The American Historian

From Index Cards to Text Files: Digital Workflows for Today’s Historian

Chris D. Cantwell

One of the first things I did when I started graduate school in 2003 was to contact a number of established historians whose work I admired. As a newcomer, I was eager to heed any advice these senior scholars might offer. One historian in particular was very generous with his time, talking with me in his office for over an hour about writing, teaching, and the academy. When the conversation turned to research, this established scholar pointed to his bookshelf and pronounced, “One day you too will have these things filling your shelves.” At first I thought he was talking about a row of published work. It soon became clear, however, that he was referencing the index-card cabinets that sat on his shelf. “Make sure you organize your cards early,” he advised, proudly thumbing through thirty years’ worth of 3” x 5” notecards. “I can’t see researching without them.”

So much of the advice this generous historian gave me turned out to be right. But his preferred method for organizing his research has undergone a revolution in the last decade. While scholars once primarily trafficked in material objects, historians now work with a great deal of digital material. Notecards, photocopies, and microfilms have been largely replaced by PDFs, jpegs, and searchable databases. The change in the types of materials historians use has also been accompanied with an increased scale of abundance, as a single scholar can now download in an afternoon what some scholars acquired in a lifetime.

Given this deluge of digital primary sources, it is incumbent upon today’s historians to establish a digital workflow that manages it all. While such a process on its face might seem as bewildering as the proliferation of primary sources themselves, there are thankfully a number of tools and tactics that can facilitate the organization of our increasingly digital research archives. Databases and asset-management systems can help store the digital content historians now acquire, while bibliographic software can connect that material with our writing and research. While the forms this work takes might be new, the principles that guide their organization are as old as the index card. In the end, every good digital workflow ultimately comes down to two activities historians have long engaged in: managing our files, and organizing our citations.

File Management

Just as there is no single perfect, catch-all research method, there is no single “right” digital workflow. The workflow you choose will depend on your proclivities as a researcher and the kinds of materials you use. But every digital workflow begins with managing the files we put on our computers. Before you download an article from JSTOR or upload a photograph from an archive, you should devise a file structure in advance that outlines how you will store not only the material you have now, but also the sources you will acquire later.

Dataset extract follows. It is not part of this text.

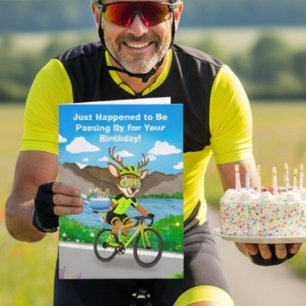 Tarjeta Entretenida Entrega de Pastel de Cumpleaños de Cic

I, for example, prefer to organize my files by document type. On my hard drive is a master folder labeled “Research,” inside of which are two more folders named “Primary” and “Secondary Sources.” In my “Primary Sources” folder are a host of other folders relevant to the material I most often use such as “Annual Reports-Proceedings,” “Directories,” and “Archival Sources,” where I finally place my PDFs, photographs, and files. My “Archival” folder is actually parsed even further, containing a folder for every repository I visit, and within those folders are separate folders for each collection. I opt to organize my material this way and not by project in part because I prefer to have complete control over the location of my sources. And as I’ll discuss in a moment, this general organization scheme also works because there are citation programs that allow you to connect a single file to multiple projects, negating the need to organize your original files by research tasks.

Of course, creating space on your computer for research files is not the same thing as populating your folders with content. This also requires some preliminary decision-making, especially when naming files. Here again, it’s best to keep a consistent pattern for easier recall. When downloading contemporary journal articles from JSTOR or full texts from the Internet Archive, for example, I’ll often name my files by “author_title_year.pdf” before I put them in the appropriate folders. This ensures I’ll be able to search and find them easier later. Many of today’s operating systems such as OS X Yosemite for Mac and Windows 10 for PCs also allow you to add additional metadata to your files such as subject tags, so you can associate key terms, people, or places with a file. This, again, facilitates easier searching and recall.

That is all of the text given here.